━━━ The records
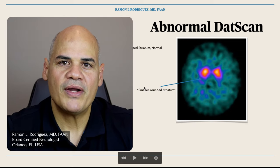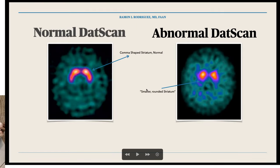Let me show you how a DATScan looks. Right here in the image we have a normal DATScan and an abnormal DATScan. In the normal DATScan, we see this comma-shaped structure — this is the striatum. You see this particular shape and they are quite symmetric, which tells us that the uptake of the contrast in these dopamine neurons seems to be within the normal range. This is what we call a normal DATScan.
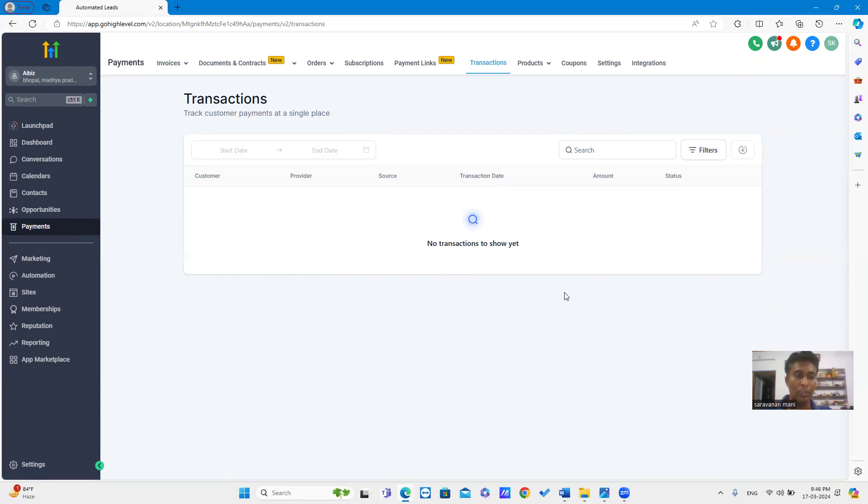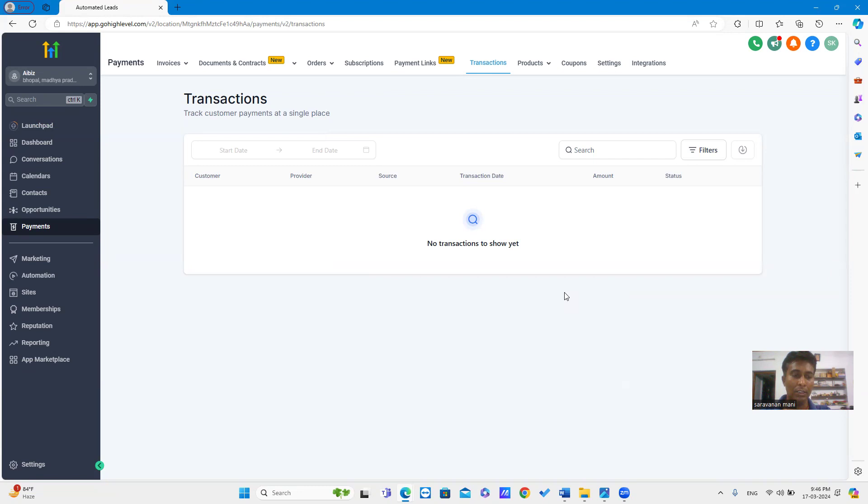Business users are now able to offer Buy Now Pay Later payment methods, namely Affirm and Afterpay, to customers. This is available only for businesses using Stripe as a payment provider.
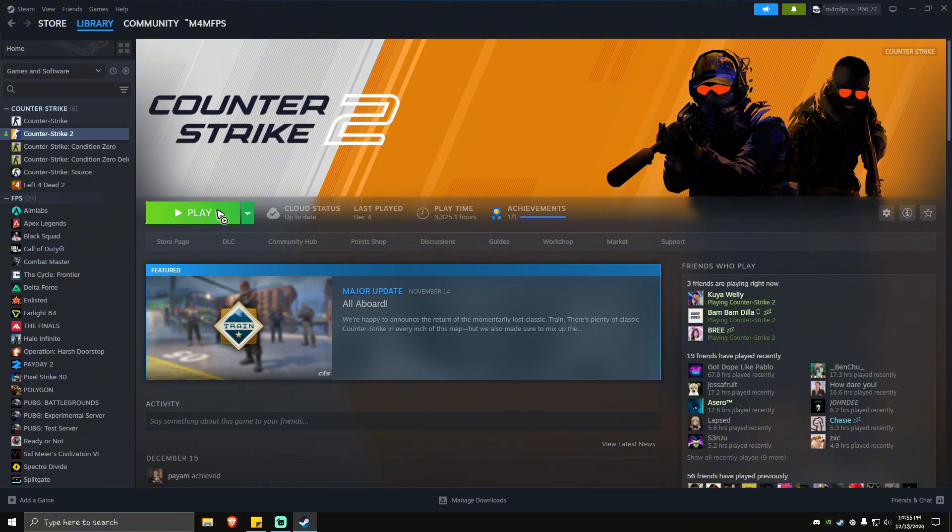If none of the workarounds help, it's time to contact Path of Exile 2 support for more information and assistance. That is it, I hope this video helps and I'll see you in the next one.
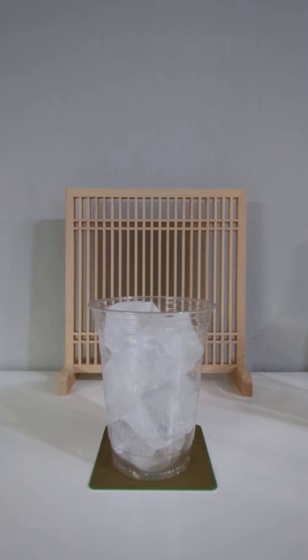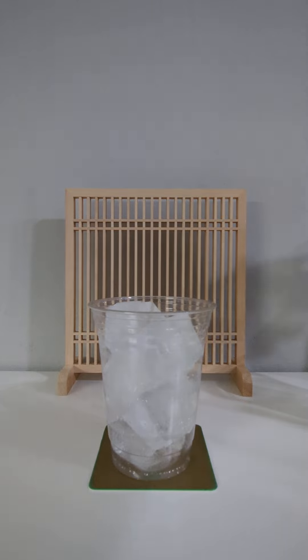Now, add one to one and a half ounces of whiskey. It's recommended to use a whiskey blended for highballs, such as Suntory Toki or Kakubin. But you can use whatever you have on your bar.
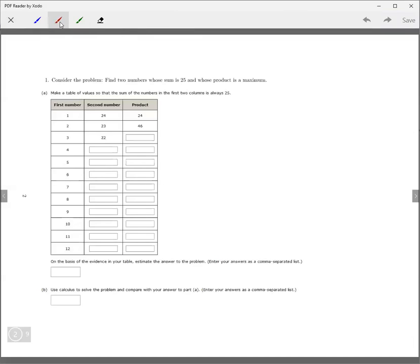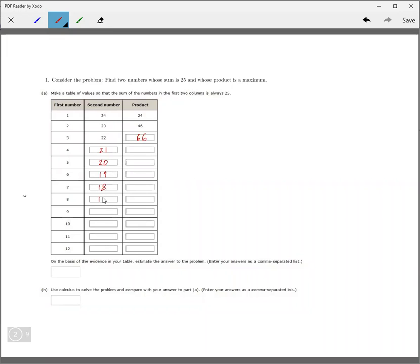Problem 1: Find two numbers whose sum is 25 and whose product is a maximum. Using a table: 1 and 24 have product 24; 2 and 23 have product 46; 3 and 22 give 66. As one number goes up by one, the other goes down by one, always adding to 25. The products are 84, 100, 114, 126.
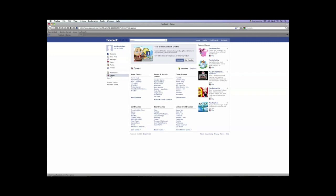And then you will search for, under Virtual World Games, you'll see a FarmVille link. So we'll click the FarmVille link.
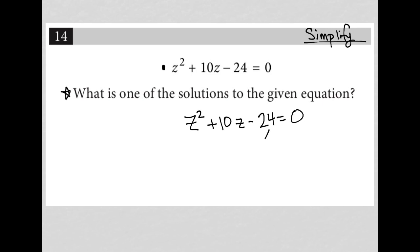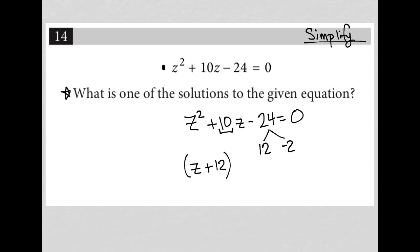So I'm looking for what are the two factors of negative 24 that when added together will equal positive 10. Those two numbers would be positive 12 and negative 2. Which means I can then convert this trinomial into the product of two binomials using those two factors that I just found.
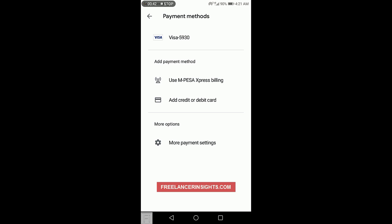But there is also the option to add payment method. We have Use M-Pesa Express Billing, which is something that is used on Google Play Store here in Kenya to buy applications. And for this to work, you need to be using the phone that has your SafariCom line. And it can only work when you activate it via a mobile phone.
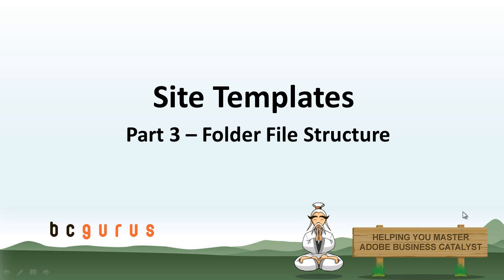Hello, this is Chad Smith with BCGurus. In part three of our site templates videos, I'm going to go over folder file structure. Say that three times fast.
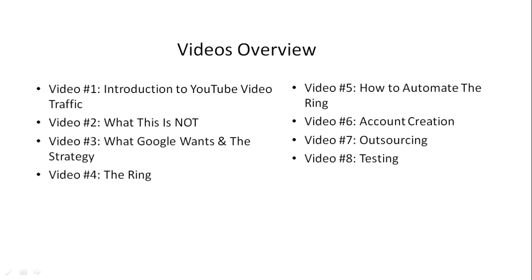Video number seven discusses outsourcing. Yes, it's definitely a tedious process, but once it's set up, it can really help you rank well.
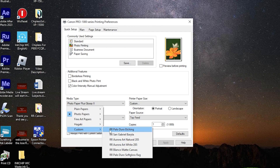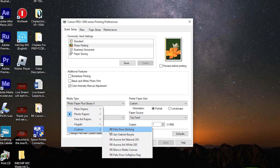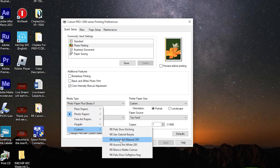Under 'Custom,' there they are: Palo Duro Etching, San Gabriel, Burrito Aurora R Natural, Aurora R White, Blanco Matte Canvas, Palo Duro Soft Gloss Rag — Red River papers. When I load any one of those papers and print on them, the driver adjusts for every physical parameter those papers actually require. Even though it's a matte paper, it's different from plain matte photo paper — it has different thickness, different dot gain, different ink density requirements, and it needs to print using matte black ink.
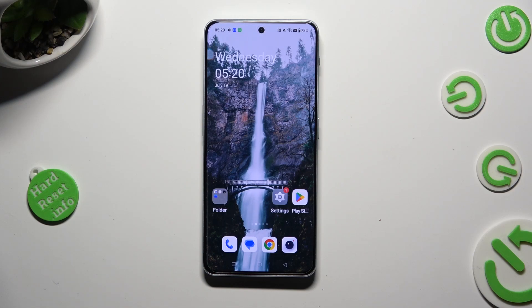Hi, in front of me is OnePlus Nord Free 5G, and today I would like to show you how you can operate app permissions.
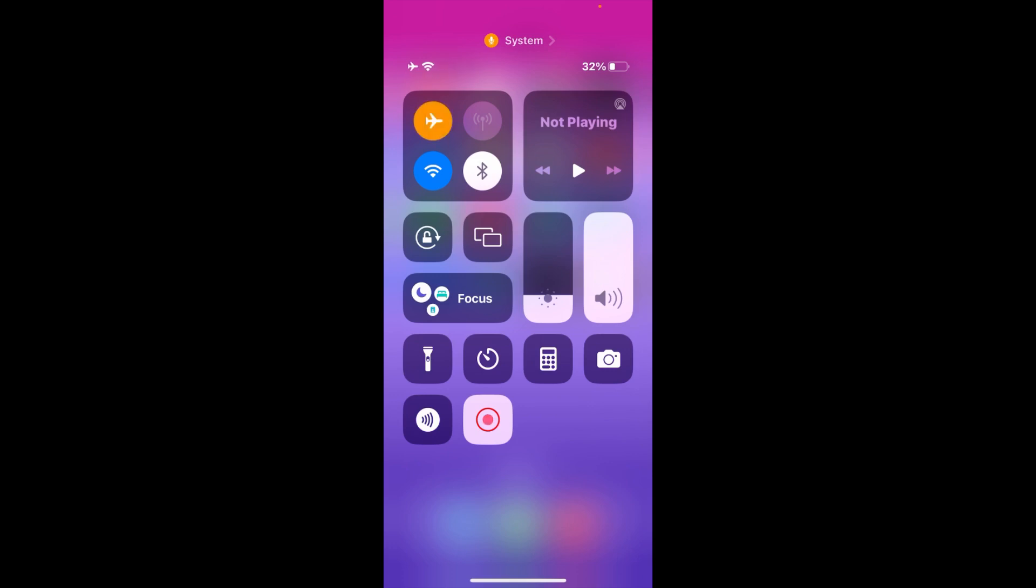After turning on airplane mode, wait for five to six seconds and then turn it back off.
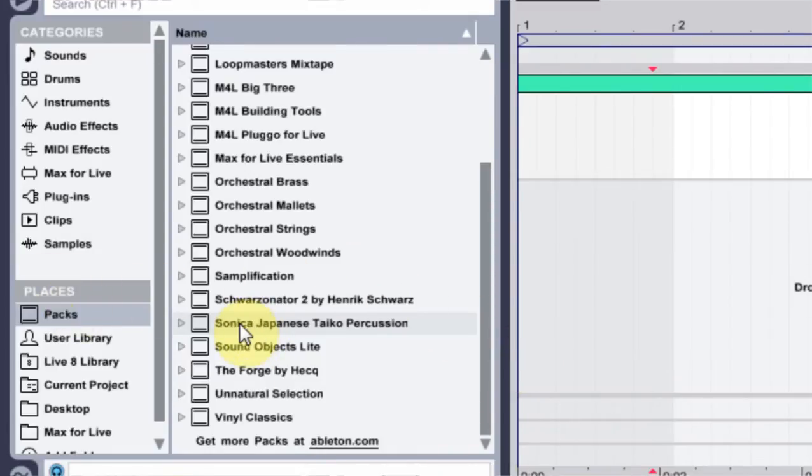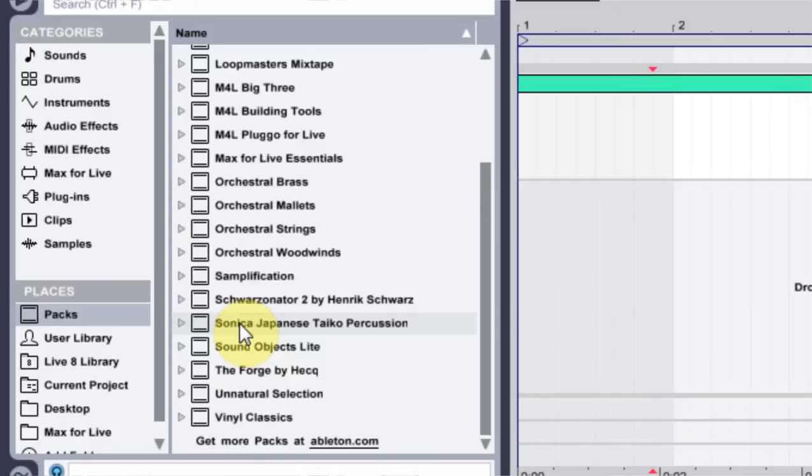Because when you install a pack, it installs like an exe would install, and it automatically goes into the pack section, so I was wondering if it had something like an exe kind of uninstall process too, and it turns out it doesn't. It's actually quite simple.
━━━━━━
▶ **What the task asks**: Repeat all entries exactly, pictures excluded.

▶ **Written response**:
Let me show you how a DATScan looks. Right here in the image we have a normal DATScan and an abnormal DATScan. In the normal DATScan, we see this comma-shaped structure — this is the striatum. You see this particular shape and they are quite symmetric, which tells us that the uptake of the contrast in these dopamine neurons seems to be within the normal range. This is what we call a normal DATScan.
Business users are now able to offer Buy Now Pay Later payment methods, namely Affirm and Afterpay, to customers. This is available only for businesses using Stripe as a payment provider.
If none of the workarounds help, it's time to contact Path of Exile 2 support for more information and assistance. That is it, I hope this video helps and I'll see you in the next one.
Now, add one to one and a half ounces of whiskey. It's recommended to use a whiskey blended for highballs, such as Suntory Toki or Kakubin. But you can use whatever you have on your bar.
Problem 1: Find two numbers whose sum is 25 and whose product is a maximum. Using a table: 1 and 24 have product 24; 2 and 23 have product 46; 3 and 22 give 66. As one number goes up by one, the other goes down by one, always adding to 25. The products are 84, 100, 114, 126.
And then you will search for, under Virtual World Games, you'll see a FarmVille link. So we'll click the FarmVille link.
So I'm looking for what are the two factors of negative 24 that when added together will equal positive 10. Those two numbers would be positive 12 and negative 2. Which means I can then convert this trinomial into the product of two binomials using those two factors that I just found.
But there is also the option to add payment method. We have Use M-Pesa Express Billing, which is something that is used on Google Play Store here in Kenya to buy applications. And for this to work, you need to be using the phone that has your SafariCom line. And it can only work when you activate it via a mobile phone.
Hello, this is Chad Smith with BCGurus. In part three of our site templates videos, I'm going to go over folder file structure. Say that three times fast.
Video number seven discusses outsourcing. Yes, it's definitely a tedious process, but once it's set up, it can really help you rank well.
Under 'Custom,' there they are: Palo Duro Etching, San Gabriel, Burrito Aurora R Natural, Aurora R White, Blanco Matte Canvas, Palo Duro Soft Gloss Rag — Red River papers. When I load any one of those papers and print on them, the driver adjusts for every physical parameter those papers actually require. Even though it's a matte paper, it's different from plain matte photo paper — it has different thickness, different dot gain, different ink density requirements, and it needs to print using matte black ink.
Hi, in front of me is OnePlus Nord Free 5G, and today I would like to show you how you can operate app permissions.
After turning on airplane mode, wait for five to six seconds and then turn it back off.
Because when you install a pack, it installs like an exe would install, and it automatically goes into the pack section, so I was wondering if it had something like an exe kind of uninstall process too, and it turns out it doesn't. It's actually quite simple.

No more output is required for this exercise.